# Sustaining piano sound



## Kareemo (Jan 10, 2016)

Hi,
does anyone know, how to create this sustaining piano sound at 0:05?
I´m working with Logic Pro X and look for a plugin or anything else to mimic this kind of effect.


----------



## willbedford (Jan 10, 2016)

You could achieve that sound with granular synthesis or FFT stretching. Try Paulstretch or Granulate.

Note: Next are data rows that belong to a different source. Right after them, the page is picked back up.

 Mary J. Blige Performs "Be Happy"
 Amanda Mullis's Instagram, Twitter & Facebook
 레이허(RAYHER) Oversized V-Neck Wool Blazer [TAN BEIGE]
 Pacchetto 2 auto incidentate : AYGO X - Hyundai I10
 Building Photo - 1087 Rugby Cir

You would need to start with the original sample to preserve the percussive start to the note, then fade into the stretched version to get the sustain.


----------



## Kareemo (Jan 11, 2016)

Hi Will,
Granulate sounds very convincing to me. I really like the built-in presets as well.
Thanks!


----------



## Matt Hawken (Jan 11, 2016)

Granulate is awesome!

I will also suggest that as you're in Logic, you can also do something like this with the pedalboard. One of the delay pedals (True Tape Delay, I think) has a Freeze button which will give you that infinite sustain sound. Just automate it on shortly after playing the chord and it'll hold it forever. It will probably colour the sound slightly so if you want a cleaner signal Will's suggestions are better. This is just a quick and dirty way of doing it with the plugins you already have.


----------



## willbedford (Jan 11, 2016)

Another cheap and dirty method is loading a long white noise sample into a convolution reverb. That will freeze whatever you throw at it.


----------



## paoling (Jan 11, 2016)

I'm in love with the Alva Noto + Sakamoto sound (although I prefer the pieces on Insen than this re-edit of Brian Eno's tune). They are one of my references for glitch music, along the work of many great Japanese musicians.

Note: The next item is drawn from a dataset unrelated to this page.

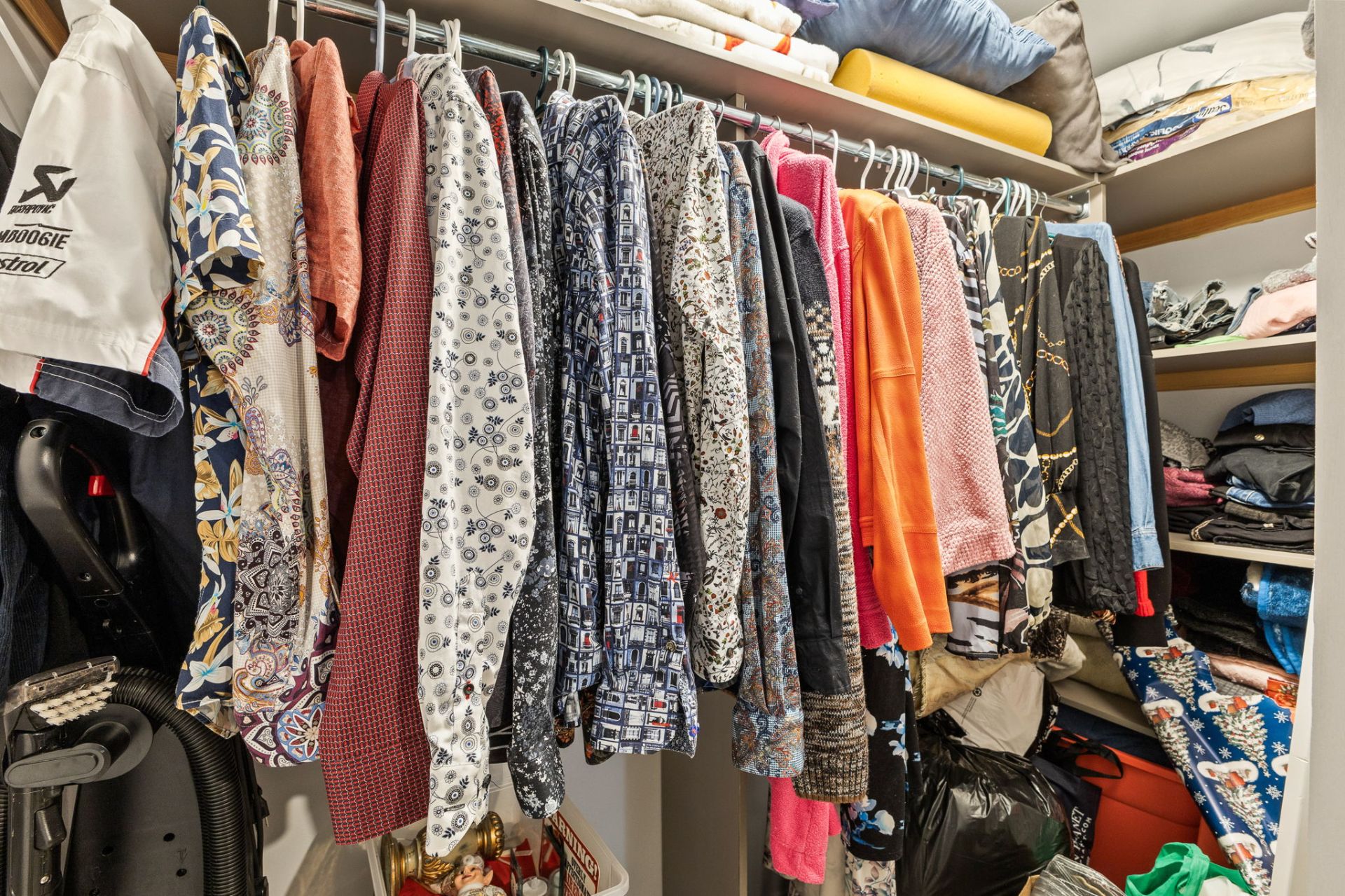 Walk-in closet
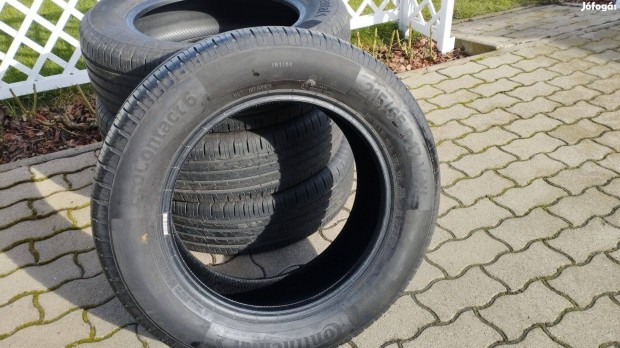 Continental Eco Contact 6 215/65 R17 gumik elad�ak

I'd suggest http://fluffyaudio.com/demo2015/shop/timedrops/ (TimeDrops) as well, but to be fair this effect is just a series of cuts around the piano recording of Sakamoto. There are plugins for this, like Artillery and Izotope Stutter Edit, but if you don't need to do this in realtime you can just cut & copy a sustained piano part on your DAW.
Disable any "avoid clicks" feature to keep the beauty of glitches unaltered or crossfade the the clips if you want to keep it as a flowing pad.

I'm excited to listen to their new OST for Inarritu's "The Revenant" movie.


----------



## Kareemo (Jan 13, 2016)

Thanks! I will have a look at all of your suggestions. It's great to have so much different approaches. I'm also very excited of the new soundtrack, especially how it works with the picture.


----------



## babylonwaves (Jan 14, 2016)

willbedford said:


> Another cheap and dirty method is loading a long white noise sample into a convolution reverb. That will freeze whatever you throw at it.


great trick! thanks


----------